#### AVAILABLE DATA

== Segment start ==

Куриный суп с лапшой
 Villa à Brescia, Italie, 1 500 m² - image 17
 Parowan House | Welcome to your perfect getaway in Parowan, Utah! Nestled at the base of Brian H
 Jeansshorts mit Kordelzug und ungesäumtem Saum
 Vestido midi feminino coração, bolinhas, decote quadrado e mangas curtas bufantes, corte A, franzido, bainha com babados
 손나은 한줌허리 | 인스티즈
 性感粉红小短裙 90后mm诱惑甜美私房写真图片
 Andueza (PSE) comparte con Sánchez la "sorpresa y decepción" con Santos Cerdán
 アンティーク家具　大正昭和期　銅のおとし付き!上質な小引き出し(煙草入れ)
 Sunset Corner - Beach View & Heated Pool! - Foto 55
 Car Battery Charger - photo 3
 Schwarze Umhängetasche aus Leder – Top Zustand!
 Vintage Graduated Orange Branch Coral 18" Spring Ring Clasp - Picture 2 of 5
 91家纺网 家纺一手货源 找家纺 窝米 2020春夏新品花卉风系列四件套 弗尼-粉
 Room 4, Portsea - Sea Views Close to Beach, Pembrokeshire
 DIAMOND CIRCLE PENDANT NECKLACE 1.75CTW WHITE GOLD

== Segment end ==

#### EXERCISE DESCRIPTION
Set out exactly the lines from the one bearing "アンティーク家具　大正昭和期　銅のおとし付き!上質な小引き出し(煙草入れ)" through the end of the data, including both ends and omitting all others.

#### TASK OUTPUT
 アンティーク家具　大正昭和期　銅のおとし付き!上質な小引き出し(煙草入れ)
 Sunset Corner - Beach View & Heated Pool! - Foto 55
 Car Battery Charger - photo 3
 Schwarze Umhängetasche aus Leder – Top Zustand!
 Vintage Graduated Orange Branch Coral 18" Spring Ring Clasp - Picture 2 of 5
 91家纺网 家纺一手货源 找家纺 窝米 2020春夏新品花卉风系列四件套 弗尼-粉
 Room 4, Portsea - Sea Views Close to Beach, Pembrokeshire
 DIAMOND CIRCLE PENDANT NECKLACE 1.75CTW WHITE GOLD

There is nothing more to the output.